Permanently Block Time-Wasting Web Sites
Is there a web site that’s utterly toxic to your mental state or ability to work? Maybe you grind your teeth over your ex’s weblog, which details every moment of her happy new life without you. Maybe you’ve lost hours of your life trolling eBay auctions and you simply can’t impulse-buy another autographed Neil Diamond record. Perhaps online backgammon can snatch away hours of your day at the office.
In this hack you can block sites at all times, until you explicitly release the restriction. This hack fakes your computer into thinking that those problem sites live on your hard drive — which obviously they don’t — and forces a Server Not Found error when your fingers impulsively type out that tempting, time-sucking URL. Here’s how.
Windows
1. Using Notepad or some other text editor, open the file named hosts, which is located in the following directory:
- Windows XP and Vista: C:\WINDOWS\SYSTEM32\DRIVERS\ETC
- Windows 2000: C:\WINNT\SYSTEM32\DRIVERS\ETC
- Windows 98\ME: C:\WINDOWS\
2. Add the following on its own line in the hosts file:
127.0.0.1 ebay.com games.yahoo.com evilex.com replacing the sites listed with the domains that you want to block.
Mac OS X
1. In Finder, from the Go menu, choose Go To Folder.
2. In the Go To Folder dialog, type /etc/.
3. From the /etc/ folder window, open the hosts file in a text editor.
4. Add the following on its own line in the hosts file:
127.0.0.1 ebay.com games.yahoo.com evilex.com replacing the sites listed with the domains that you want to block.
The Result
After you’ve completed the steps for your operating system, save the hosts file and quit your editor.

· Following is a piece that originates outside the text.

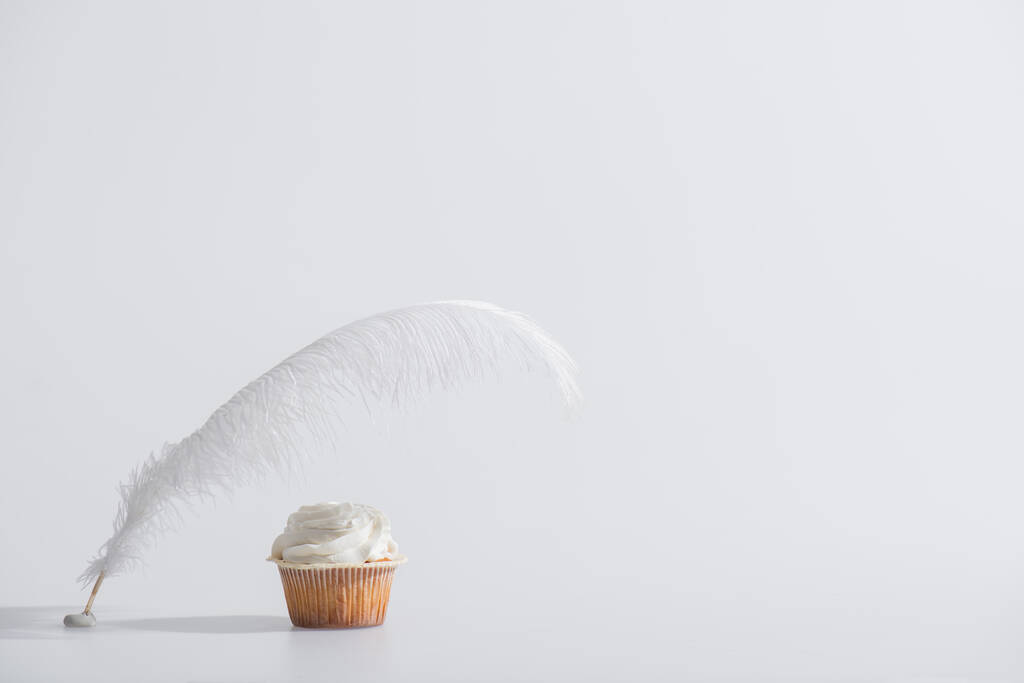 白いカップケーキの近くに無重力羽  - 写真・画像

Now when you visit one of your blocked sites, you get a Server Not Found error. (If you’re running a web server, at home as detailed in Hack 35, your own server’s files appear.)
The advantage of this method over Hack 7 is that the sites are blocked from every browser on that computer, not just Firefox. The downside is that when you decide it’s an OK time to browse eBay, you’ve got to manually comment out the following line in the hosts file by adding a # to the beginning of the line:
#127.0.0.1 metafilter.com flickr.com And that’s a deliberately huge pain that can help keep your wandering clicker in line when you’re under deadline.